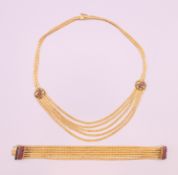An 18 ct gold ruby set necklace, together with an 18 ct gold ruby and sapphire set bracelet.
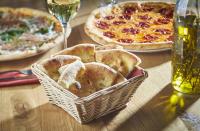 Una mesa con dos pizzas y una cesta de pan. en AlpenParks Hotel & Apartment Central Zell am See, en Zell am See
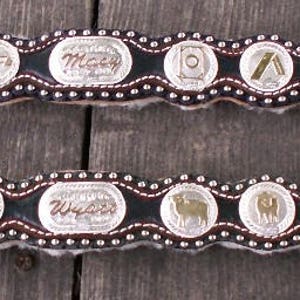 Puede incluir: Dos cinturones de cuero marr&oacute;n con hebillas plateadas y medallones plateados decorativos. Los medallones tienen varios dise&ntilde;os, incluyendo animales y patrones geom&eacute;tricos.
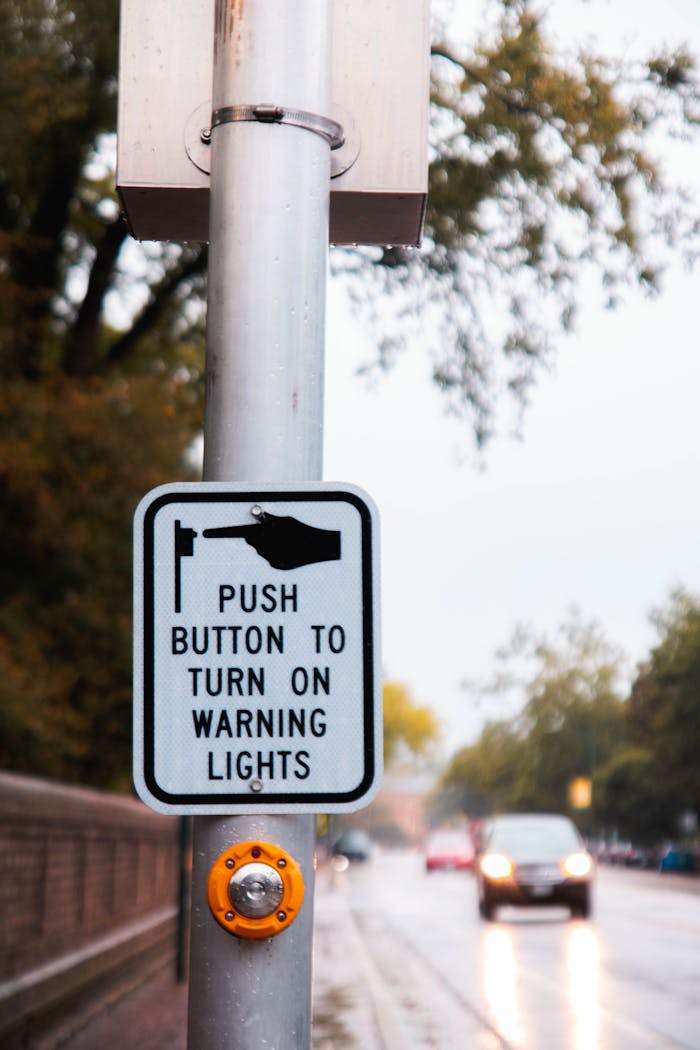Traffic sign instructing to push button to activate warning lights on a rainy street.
————————
▶ **EXERCISE DIRECTIONS**
Nothing but the lines from the line containing "Puede incluir: Dos" through the last line of the listing above should appear, output exactly, with no pictures.

▶ **THE COMPLETED TASK**
 Puede incluir: Dos cinturones de cuero marr&oacute;n con hebillas plateadas y medallones plateados decorativos. Los medallones tienen varios dise&ntilde;os, incluyendo animales y patrones geom&eacute;tricos.
Traffic sign instructing to push button to activate warning lights on a rainy street.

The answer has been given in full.